さくらはなちりかひくもれおいらくのこむといふなるみちまかふかに (349)

桜花散りかひ曇れ老いらくの来むと言ふなる道紛ふがに

「堀川の太政大臣の四十の賀を九条の家でした時に詠んだ 在原業平
桜花が散りさっと曇れ。老いが来ると言う道を老いが間違える程。」

「かひ曇れ」四段四段動詞「かひ曇る」の命令形。ここで切れる。以下は倒置になっている。「来む」の「来」は、カ変動詞「来る」の未然形。「む」は、未確定の助動詞「む」の終止形。「(言ふ)なる」は、伝聞の助動詞「なり」の連体形。「紛ふがに」の「紛ふ」は、四段動詞の終止形。「がに」は、接続助詞で程度を表す。
(堀川の太政大臣が四十歳を迎えた。それを祝う宴が九条のお屋敷で開かれた。そこに招かれて詠んだ歌である。
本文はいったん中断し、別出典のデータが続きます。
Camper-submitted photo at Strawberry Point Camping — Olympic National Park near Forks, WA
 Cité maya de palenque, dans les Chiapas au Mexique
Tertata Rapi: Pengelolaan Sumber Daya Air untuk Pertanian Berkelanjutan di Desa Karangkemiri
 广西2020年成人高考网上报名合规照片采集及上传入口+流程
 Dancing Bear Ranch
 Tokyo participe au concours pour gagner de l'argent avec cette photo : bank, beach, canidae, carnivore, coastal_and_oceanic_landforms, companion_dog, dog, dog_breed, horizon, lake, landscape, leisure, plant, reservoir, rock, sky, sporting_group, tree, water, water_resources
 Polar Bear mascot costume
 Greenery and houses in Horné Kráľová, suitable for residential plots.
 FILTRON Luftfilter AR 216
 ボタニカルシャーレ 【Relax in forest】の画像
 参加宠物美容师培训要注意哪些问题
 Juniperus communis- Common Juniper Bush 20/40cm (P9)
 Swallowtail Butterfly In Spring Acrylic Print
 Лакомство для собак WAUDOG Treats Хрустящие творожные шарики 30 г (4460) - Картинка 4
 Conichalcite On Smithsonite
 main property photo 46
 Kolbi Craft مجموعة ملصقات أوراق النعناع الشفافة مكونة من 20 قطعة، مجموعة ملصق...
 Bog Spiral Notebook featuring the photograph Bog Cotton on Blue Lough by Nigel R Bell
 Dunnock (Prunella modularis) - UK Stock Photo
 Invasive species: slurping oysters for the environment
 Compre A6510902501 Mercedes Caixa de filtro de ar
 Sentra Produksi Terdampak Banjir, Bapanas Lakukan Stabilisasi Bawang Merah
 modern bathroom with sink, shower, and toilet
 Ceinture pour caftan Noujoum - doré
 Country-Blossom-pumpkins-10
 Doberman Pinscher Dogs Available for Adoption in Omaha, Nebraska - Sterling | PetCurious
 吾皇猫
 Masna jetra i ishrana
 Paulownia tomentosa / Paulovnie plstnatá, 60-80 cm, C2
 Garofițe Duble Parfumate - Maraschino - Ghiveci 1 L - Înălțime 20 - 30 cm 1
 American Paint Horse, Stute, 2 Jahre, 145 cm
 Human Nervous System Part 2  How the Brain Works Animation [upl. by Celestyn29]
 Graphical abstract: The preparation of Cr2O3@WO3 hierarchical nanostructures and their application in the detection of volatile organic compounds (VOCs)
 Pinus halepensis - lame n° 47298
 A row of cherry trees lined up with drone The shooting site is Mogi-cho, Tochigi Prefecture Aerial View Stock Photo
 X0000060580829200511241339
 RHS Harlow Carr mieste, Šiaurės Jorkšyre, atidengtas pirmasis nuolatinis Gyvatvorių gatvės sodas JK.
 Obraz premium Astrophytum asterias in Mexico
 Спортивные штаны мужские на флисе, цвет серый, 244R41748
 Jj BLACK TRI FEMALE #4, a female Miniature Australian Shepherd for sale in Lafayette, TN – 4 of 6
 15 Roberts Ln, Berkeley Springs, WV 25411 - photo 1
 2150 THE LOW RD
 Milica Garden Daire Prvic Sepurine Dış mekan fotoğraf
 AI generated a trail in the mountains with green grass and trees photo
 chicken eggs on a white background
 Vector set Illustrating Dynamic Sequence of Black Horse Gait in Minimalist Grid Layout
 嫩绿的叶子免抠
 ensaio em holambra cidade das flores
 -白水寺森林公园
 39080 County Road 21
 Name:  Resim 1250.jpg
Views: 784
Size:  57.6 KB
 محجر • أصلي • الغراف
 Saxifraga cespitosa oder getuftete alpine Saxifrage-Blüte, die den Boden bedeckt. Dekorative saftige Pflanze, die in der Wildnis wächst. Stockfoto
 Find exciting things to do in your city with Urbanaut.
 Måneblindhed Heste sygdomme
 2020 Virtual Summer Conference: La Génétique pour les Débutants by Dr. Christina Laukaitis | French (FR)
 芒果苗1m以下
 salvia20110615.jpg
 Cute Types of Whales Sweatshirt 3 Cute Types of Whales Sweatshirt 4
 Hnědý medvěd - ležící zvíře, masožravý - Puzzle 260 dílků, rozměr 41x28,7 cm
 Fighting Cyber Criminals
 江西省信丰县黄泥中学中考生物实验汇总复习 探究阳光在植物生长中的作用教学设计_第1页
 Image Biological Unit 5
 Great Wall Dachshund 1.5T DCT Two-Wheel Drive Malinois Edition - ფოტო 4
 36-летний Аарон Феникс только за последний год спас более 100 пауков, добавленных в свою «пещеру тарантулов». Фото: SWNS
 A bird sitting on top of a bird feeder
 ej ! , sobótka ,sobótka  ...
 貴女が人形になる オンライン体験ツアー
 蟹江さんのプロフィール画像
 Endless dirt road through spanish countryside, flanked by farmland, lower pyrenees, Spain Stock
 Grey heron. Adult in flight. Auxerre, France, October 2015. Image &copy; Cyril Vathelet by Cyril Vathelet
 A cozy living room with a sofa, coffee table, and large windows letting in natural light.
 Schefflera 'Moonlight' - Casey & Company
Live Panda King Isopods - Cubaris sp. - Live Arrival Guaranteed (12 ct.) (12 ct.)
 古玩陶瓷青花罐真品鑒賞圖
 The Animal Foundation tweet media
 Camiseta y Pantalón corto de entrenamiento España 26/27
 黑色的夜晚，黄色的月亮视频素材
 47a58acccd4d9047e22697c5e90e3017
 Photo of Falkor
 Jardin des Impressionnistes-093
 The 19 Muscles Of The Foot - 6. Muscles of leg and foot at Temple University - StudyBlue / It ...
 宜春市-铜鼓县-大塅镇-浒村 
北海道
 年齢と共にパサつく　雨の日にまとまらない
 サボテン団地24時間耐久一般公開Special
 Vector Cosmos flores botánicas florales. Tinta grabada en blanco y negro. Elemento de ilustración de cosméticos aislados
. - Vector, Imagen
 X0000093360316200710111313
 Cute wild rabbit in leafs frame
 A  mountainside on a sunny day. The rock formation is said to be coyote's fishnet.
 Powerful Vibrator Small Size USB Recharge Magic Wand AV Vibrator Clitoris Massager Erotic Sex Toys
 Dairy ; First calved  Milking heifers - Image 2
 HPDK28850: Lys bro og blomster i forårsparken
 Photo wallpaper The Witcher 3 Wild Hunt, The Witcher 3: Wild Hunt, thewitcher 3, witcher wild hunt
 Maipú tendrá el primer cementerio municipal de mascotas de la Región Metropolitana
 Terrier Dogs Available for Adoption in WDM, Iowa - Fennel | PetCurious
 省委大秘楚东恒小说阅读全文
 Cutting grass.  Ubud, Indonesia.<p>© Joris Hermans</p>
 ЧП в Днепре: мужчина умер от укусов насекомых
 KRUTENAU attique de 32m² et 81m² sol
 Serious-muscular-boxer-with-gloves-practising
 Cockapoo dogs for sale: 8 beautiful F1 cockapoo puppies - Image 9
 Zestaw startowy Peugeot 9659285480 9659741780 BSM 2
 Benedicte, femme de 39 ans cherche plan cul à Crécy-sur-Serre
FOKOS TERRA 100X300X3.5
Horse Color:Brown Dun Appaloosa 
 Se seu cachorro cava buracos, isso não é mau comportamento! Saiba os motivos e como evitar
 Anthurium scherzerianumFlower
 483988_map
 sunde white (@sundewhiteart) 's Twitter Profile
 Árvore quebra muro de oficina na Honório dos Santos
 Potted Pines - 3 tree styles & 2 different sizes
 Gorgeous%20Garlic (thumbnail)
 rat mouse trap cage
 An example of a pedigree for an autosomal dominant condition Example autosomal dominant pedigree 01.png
)天気は快晴、桜は満開です。このめでたい日に相応しい。天気も桜も大臣の長寿を祝福しているようです。しかし、桜花は一気に散ってこの空を曇らせて欲しい。皆さん、怪訝な顔をなさっていますね。それには、訳があるのです。老いがやって来るという道があると聞きます。だから、老いが道を間違えてやって来られないほどに、その道を花びらで覆い尽くして欲しいからなんですよ。
この時代、四十歳は初老であった。時代は下るが『徒然草』にも「長くとも四十に足らぬほどにて死なんこそ、めやすかるべけれ」とある。四十歳は、十分老人と意識されていたようだ。業平は、歌がうまいということでこの宴に招待されたのだろう。この歌は、その期待に違わず凝ったものになっている。まず、上の句で「桜に散れ」「快晴の空に曇れ」と賀に相応しくないことを言う。これで読み手を驚かせる。次に、下の句でその理由を述べ、納得させてしまう。この展開が見事である。また、老いを擬人化し、老いは道をやって来る者であり、やりようによっては避けられるとしている。これなら贈られた大臣も嬉しいだろう。その場の情景を取り入れた賀に相応しい歌になっている。さすが業平である。ちなみに、ほぼ同じ内容が『伊勢物語』第九十七段に載っている。歌に物語性があるからだろう。

コメント

  1. すいわ より:

    伊勢物語の時も「?」からの「!!」、言葉のマジックで宴の席に同席した方々の顔に笑みを咲かせた事、思い出しました。
    初老なんて名に惑わされて老け込むことは無いのですよ。それ、この華々しい桜が追ってくる「老い」の辿ってくる道を隠してくれるのだから。貴方は惑うことなく、更に先へと歩まれよ、、。四十の賀、「不惑」ですもの、ジタバタせず。

    • 山川 信一 より:

      この時は恐らく桜が満開だったのでしょう。それに加えて、想像の中で桜を散らせ、花びらで道を覆い隠します。まさに、桜に包まれた、この上なく華やかな世界。老いなど感じさせない、四十の賀に相応しい歌に仕上げましたね。

  2. まりりん より:

    「老い」を擬人化しているのですね。では、老いを追い払おうとしているのは「若さの神」でしょうか。若さの神が、春特有の強い風を起こして桜の花を吹き散らせる。花びらが老いが来る道を覆い隠し見えなくなって、ついでに老いも吹き飛ばしてしまう。
    桜が散ってしまうのは寂しいですが、桜吹雪とその後のピンクの絨毯は、それはそれで圧巻の美しさがありますよね。
    それにしても、四十歳で老人とは、、、ドキッとしてしまいます。

    • 山川 信一 より:

      季節を連れてくる神である佐保姫も竜田姫も道を通ってやって来て帰っていきます。ならば、人生の季節である老いや若さを連れてくる神もそうかも知れませんね。
      四十の賀は、当時でも早すぎますよね。宴会をする口実だったんじゃないでしょうか。酒を飲んで大騒ぎする機会は多い方がいいから。